2015-01-19 Thread Chris Angelico
On Tue, Jan 20, 2015 at 1:13 AM, Joseph L. Casale
 wrote:
> No surprise the data originates from a database however the data is utilized 
> in
> a recursive processing loop where the user accessing the data benefits from a
> simplified and quick means to access it. Currently its done with classes that
> resemble named tuples equating to a row, but it goes pear shaped with the 
> outer
> container. Grouping these similar objects and providing the sql like query 
> into
> the collection in some cases is O(n)...

So presumably your data's small enough to fit into memory, right? If
it isn't, going back to the database every time would be the best
option. But if it is, can you simply keep three dictionaries in sync?

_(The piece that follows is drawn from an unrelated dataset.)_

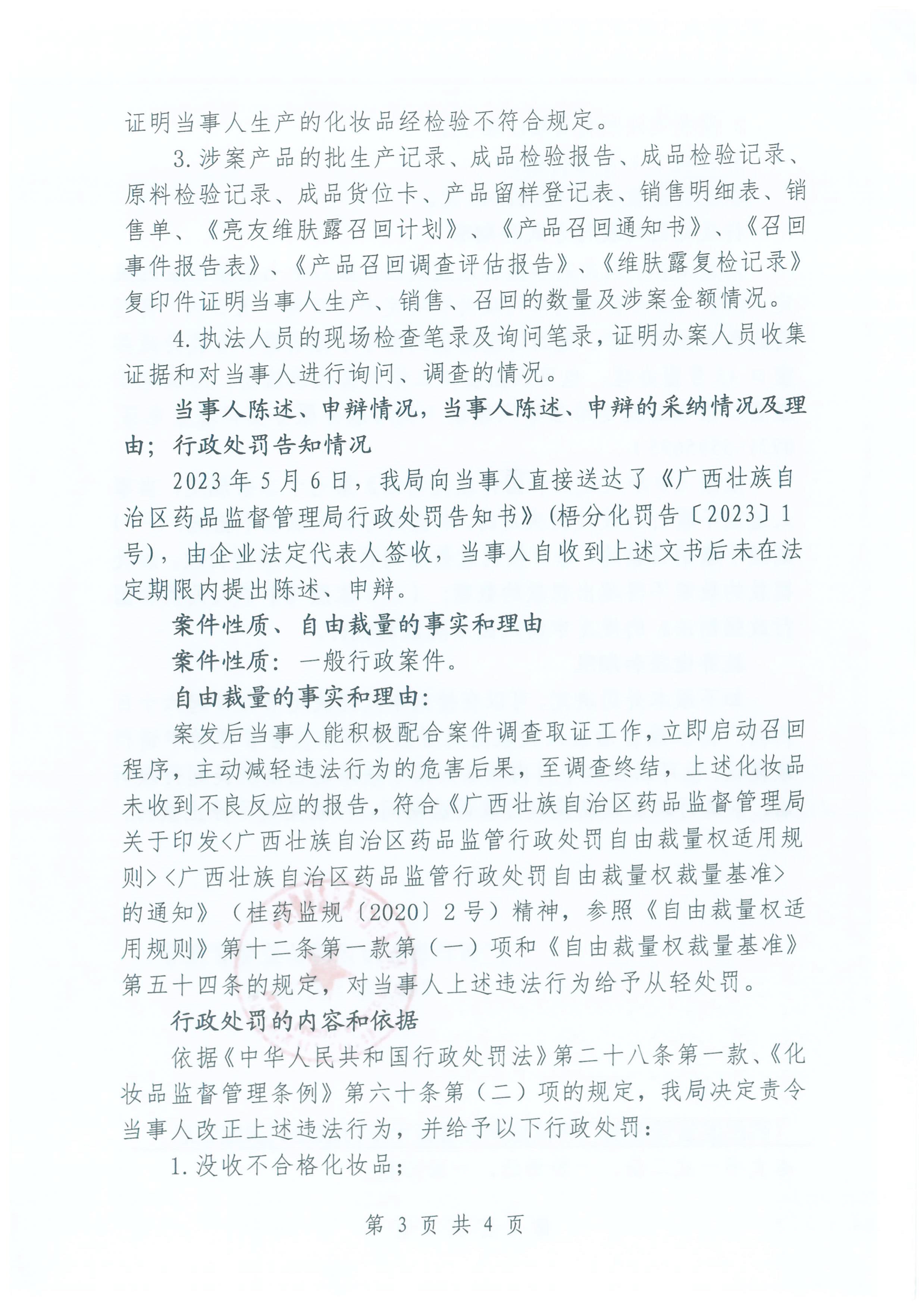 广西壮族自治区药品监督管理局行政处罚决定书(广西梧州市藤县亮友医药卫生用品有限公司未按照化妆品注册或者备案资料载明的技术要求生产化妆品亮友牌维肤露(批号:220701)案) 广西壮族自治区药品监督管理局行政处罚决定书(广西梧州市藤县亮友医药卫生用品有限公司未按照化妆品注册或者备案资料载明的技术要求生产化妆品亮友牌维肤露(批号:220701)案)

row = (foo, bar, quux) # there could be duplicate quuxes but not foos or bars
foo_dict = {}
bar_dict = {}
quux_dict = collections.defaultdict(set)

foo_dict[row[0]] = row
bar_dict[row[1]] = row
quux_dict[row[2]].add(row)

You can now look up anything by any key. If you use the quux_dict,
you'll get back a list (zero elements if you've never seen one,
otherwise all elements ever seen, in arbitrary order). Adding, in this
way, is idempotent.

Finding an item by foo or bar is easy - use either of:
row = foo_dict["asdf"] # will raise KeyError if it isn't there
row = foo_dict.get("qwer") # will return None if it isn't there

Finding items by quux is a matter of iteration:
for row in quux_dict["zxcv"]:
do something

It's up to you to decide whether it's an error to get back an empty set or not.

Does this give a basic idea of what you can do?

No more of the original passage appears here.